Como una línea en paralelo llama también la atención la presencia de otros artistas que tendrían repercusión internacional y que también son fruto de ese Uruguay (aunque en algún caso no sea más que lo natalicio).

Uno de ellos es Francis Luis Mora, nacido en Montevideo en 1874 (un día antes que Joaquín Torres García).
Hijo de Laura Gaillard, francesa de Burdeos, ella. Y del destacado escultor Domingo Mora, el joven montevideano (al menos de nacimiento) supo ser acreedor a una esmerada educación. En uno de sus viajes por el viejo mundo, recibirá la inspiración de Diego Velázquez.
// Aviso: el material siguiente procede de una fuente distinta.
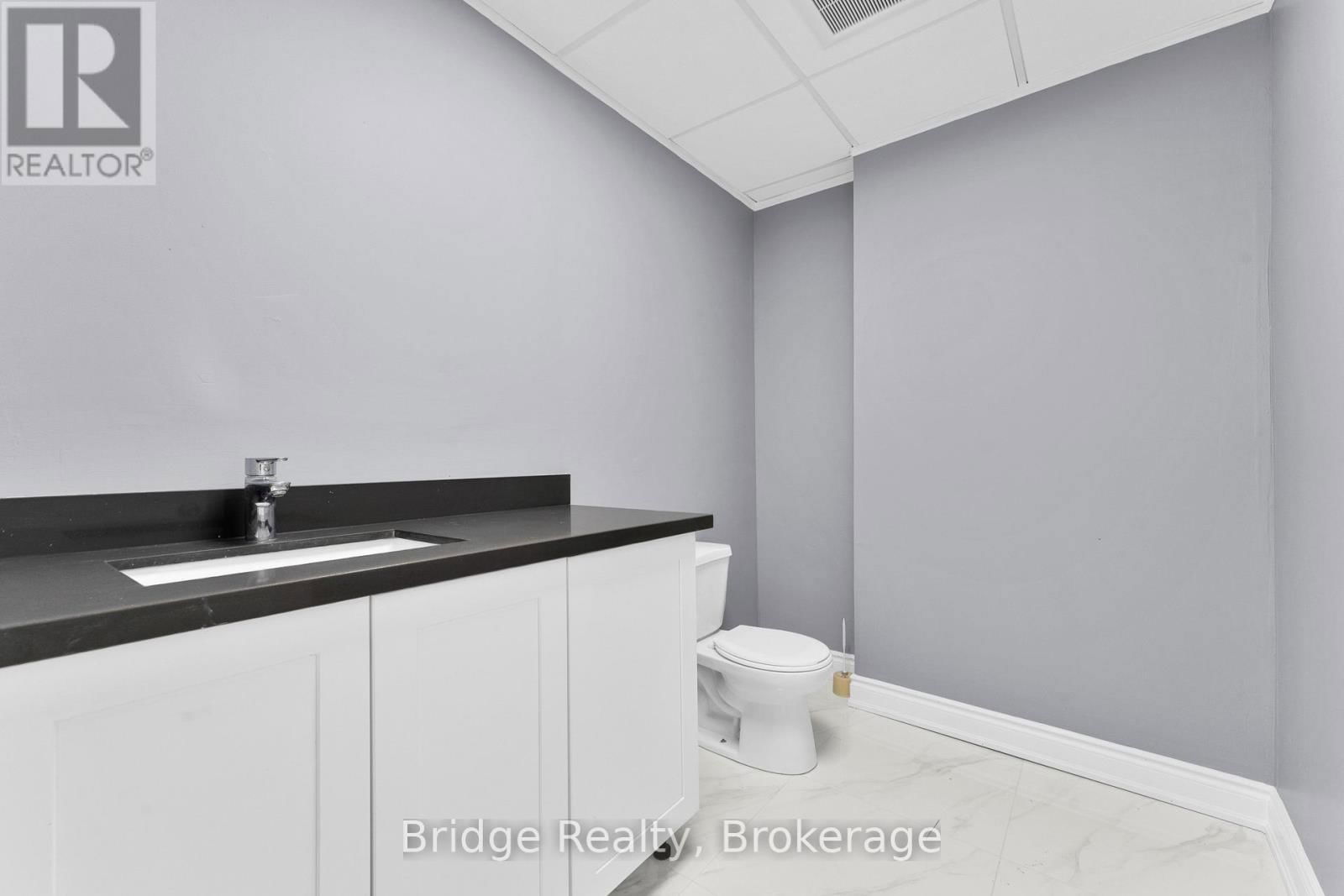 290 DUNDAS STREET Image 15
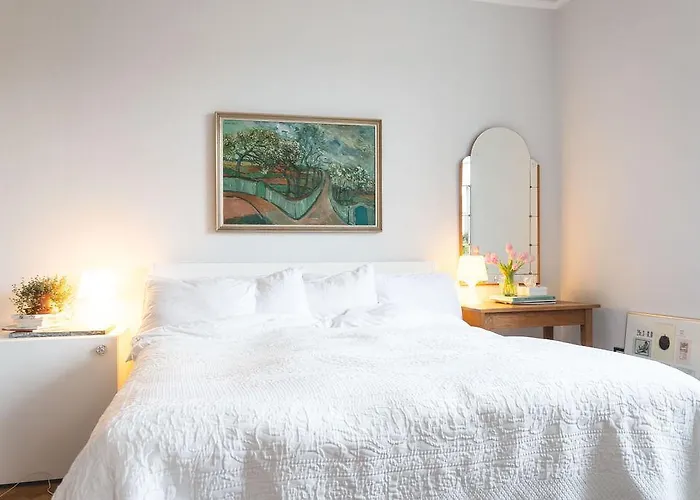 Luxury hotel only: The Square Hotel Sofo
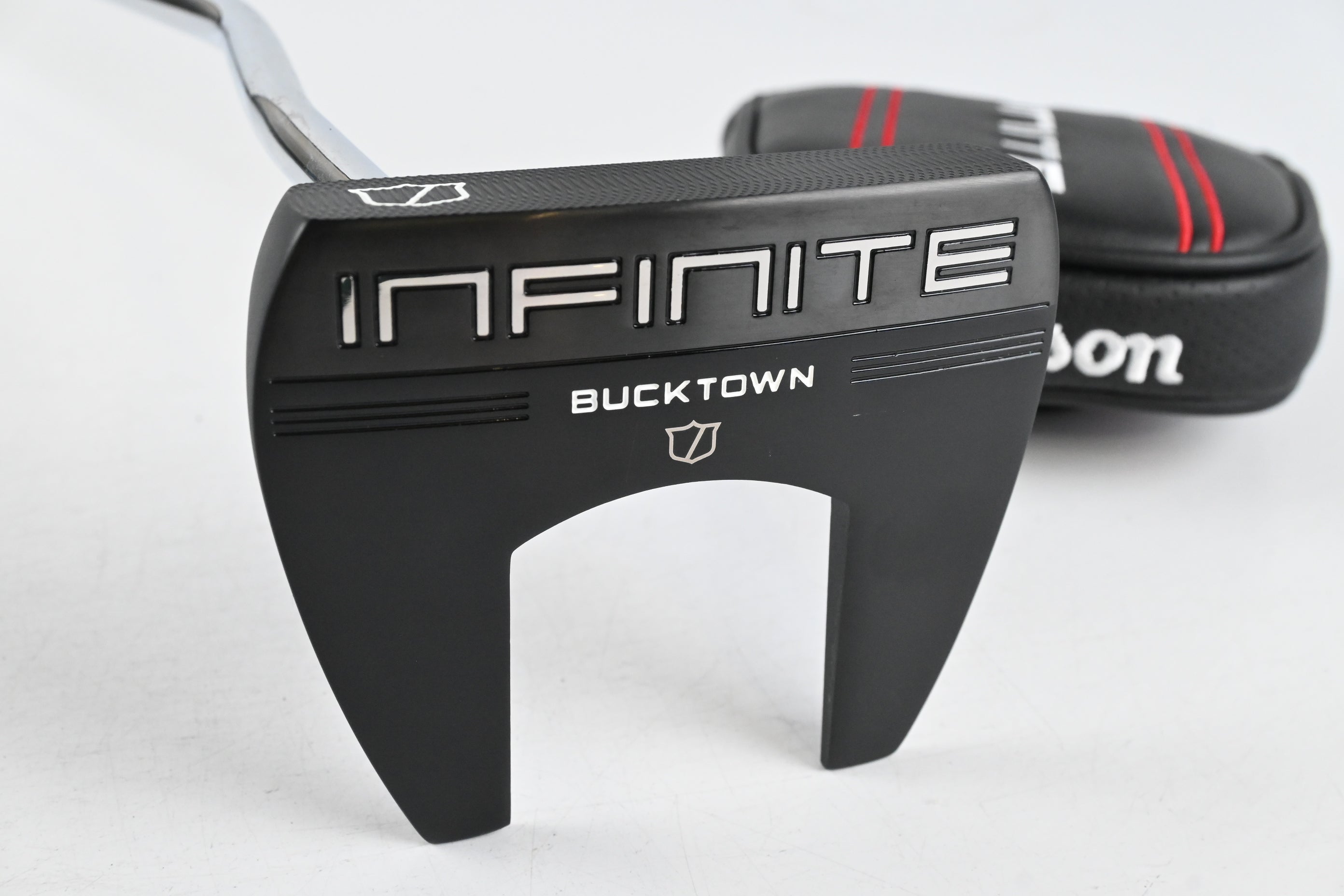 Left Hand Wilson Infinite Bucktown 2024 Putter / 34 Inch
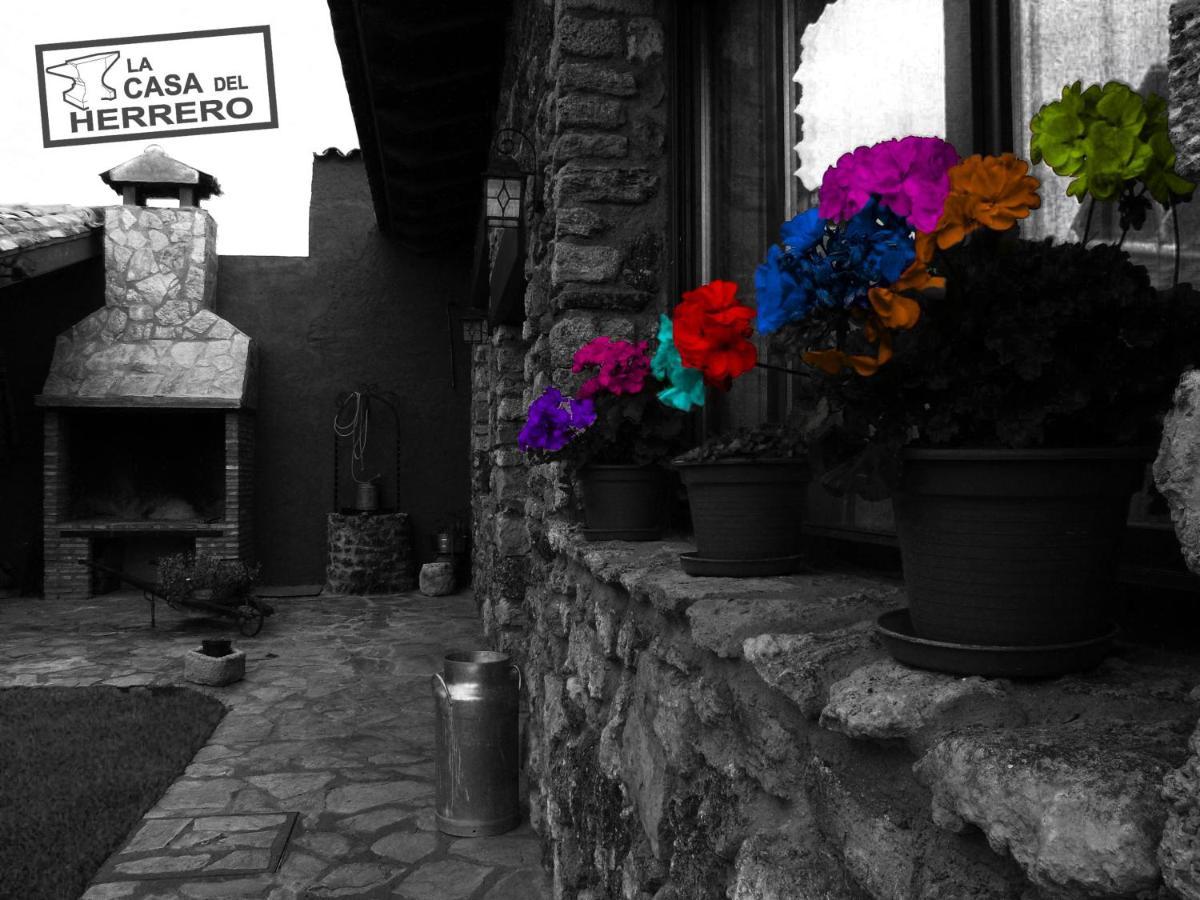 La Casa Del Herrero El Poyo Exterior foto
Se puede decir que es encomiable su interés en convertir las técnicas de los maestros de la Península Ibérica en términos plásticos estadounidenses, país donde obtuvo el mayor destaque. Y una de sus obras más representativas exhuma el metro neoyorkino.
Gran casualidad, si de casualidades se pudiera hablar, si se tiene en cuenta a Edward Johnston, nacido en la uruguaya San José de Mayo en 1872 y mundialmente reconocido por ser el autor del cartel del metro londinense (amén de ser considerado el padre de la caligrafía moderna).

Dos sujetos nacidos en un mismo país, país supuestamente fuera del canon e identificados (en particular Johnston) con algo tan “moderno” como sin dudas es el transporte subterráneo.
Es cierto, Michel de Certeau en L’écriture de l’histoire enfatizando el factor tiempo en la historiografía, desentraña la relación entre lo real y el discurso que la disciplina instaura. La escritura pone a distancia todo lo que toca, alterándolo…Y, como si fuera poco, no parece posible evitar la construcción del objeto en historia, lo que establece lo escrito y lo que excluye. Es, del verbo ser, aquello que se escribió.

En todo caso, bien merece este momento del pasado uruguayo buena atención con sus mujeres art nouveau o casi, con explosión de glicinas, con fervor universalista. Todo antes de que nos dividiésemos en primer o tercer mundo.